Don’t walk through all the open doors

When our first child Anna was still a young baby, we met a man who lived in our same apartment block in Shenzhen, China. He was Chinese-American, a very successful businessman, and was quite interested in David and I helping him run some of his English Teaching business. We bumped into him a few times in the elevator in our building, and every time he would bring it up. We politely shrugged it off, as we had a young new baby and no experience in running big English Centres, although I had worked in one. Eventually we moved to another apartment building in a different part of the city. One day I was visiting a friend back in our old apartment block, and lo-and-behold, I ran into him again! He tried very hard to convince me I would be great for managing one of his centres, and the idea started to stick in the back of my mind.
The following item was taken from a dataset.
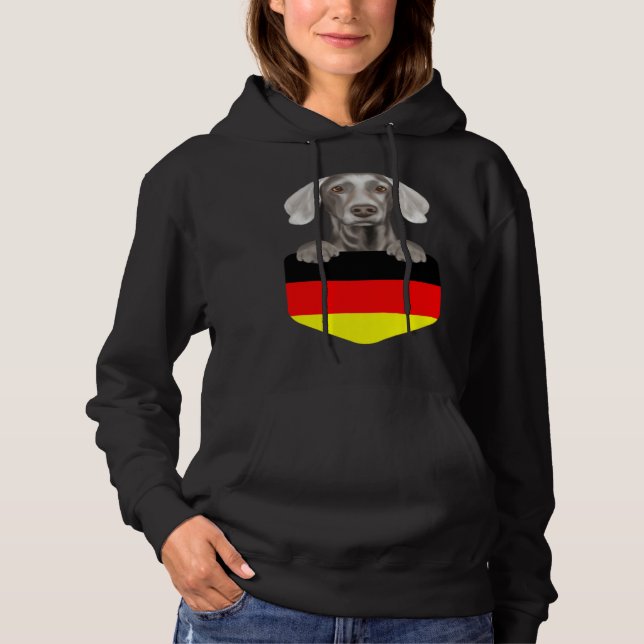Moletom Germany Flag Weimaraner Dog In Pocket (Frente)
I asked him where the centre was that he had in mind, and when he told me the address, I realised it was right across the road from our new apartment!
 
I went home and told David, and we agreed to meet with him in his office. When we arrived at the meeting, we realised just how successful this man was! He had a big and fancy office in the building where he had a big company, and proceeded to tell us all his business endeavors and accomplishments. After meeting with him, I felt this must be the direction that we should go with our teaching business! We had lost quite a few students due to our move, and I was feeling quite anxious about it and ready for something different. We’d never managed an established English Centre before, and it made me feel important and excited. I love to “manage”! (Just ask my kids!). David, however, wasn’t so convinced. “But it’s literally across the road from us! How can that be a coincidence?! It must be a sign…”, I said. We went and looked around the centre, and though it was low in student numbers and activity, we met someone there we knew. It turns out a friend-of-a-friend’s husband worked there as a teacher! “See? Another sign…” I told David. “This is definitely what we’re meant to be doing.”
 
After another meeting with him, I was rearing to go. I had told the ladies in my bible study group all about it, and we were all excited about this new direction that God seemed to be leading me and David in! However, David was still not convinced. Like all our big family decisions, I said my piece and then allowed him to take the responsibility of the decision-making. He said he just felt no peace, and that we shouldn’t go ahead with it. He arranged to go and have one last meeting with this guy and let him know. That was the end of it. I was so disappointed, frustrated, deflated, but I knew that David always felt the seriousness and responsibility of making the right decisions by God for our family… so I just had to give it up and let it go.
 
Several weeks (or maybe it was months) later, I ran into some friends at a shopping mall. It happened to be the friend and friend-of-a-friend whose husband we had seen working in the English Centre! After catching up I shared how we’d bumped into her husband there, and she told us how glad he was to have quit that job! “Why?” I said, “What happened? We were going to manage that place! In the end we didn’t though…” 

 

“It’s a good thing you didn’t!” she said, “that boss was terrible! My husband almost never got paid on time, the guy was so unreliable, and my husband always had to fight for his salary!” The centre had soon closed after that.
 
Wow… my husband had been right all along! The door of opportunity that I thought had opened so widely for us would have been a snare! Goodness knows what could have happened if we’d put all our eggs in that basket. Not only would it have had financial implications, but it would have taken away much-needed time from our young family. In fact, right after David said “no” to that job, I found out I was pregnant with our son Levi!
 
Proverbs 14:12 says “There is a way which seems right to a man and appears straight before him, but at the end of it is the way of death.” I don’t know if it means physical death, spiritual death, or the death of opportunity, blessing, relationship, or all of these. All I know is, don’t judge a way by how it appears! I was taking all the appearances of the situation as “signs” that this was God’s way for us, when in fact, it wasn’t! That was a really big lesson for me.
 
Recently a friend of mine told me about the difference between “faith” and “confidence”. Sometimes, we feel confident about something because perhaps we’ve seen God give it to other people, or it’s something we want, or we are desperate and impatient for something to happen. “Faith, on the other hand”, he explained, “comes from hearing, hearing what God has to say.” Had God actually told me that job was something He wanted me to have? Had I even asked God if that was the right thing for us? Or was I just so confident that it must be, because all the ducks seemed to be in a row (and it served some of my selfish ambitions)? Sometimes, the hardest thing to do is stay back when all we want to do is walk right through that open door… especially when it has flashing lights, confetti, and good music on the other side!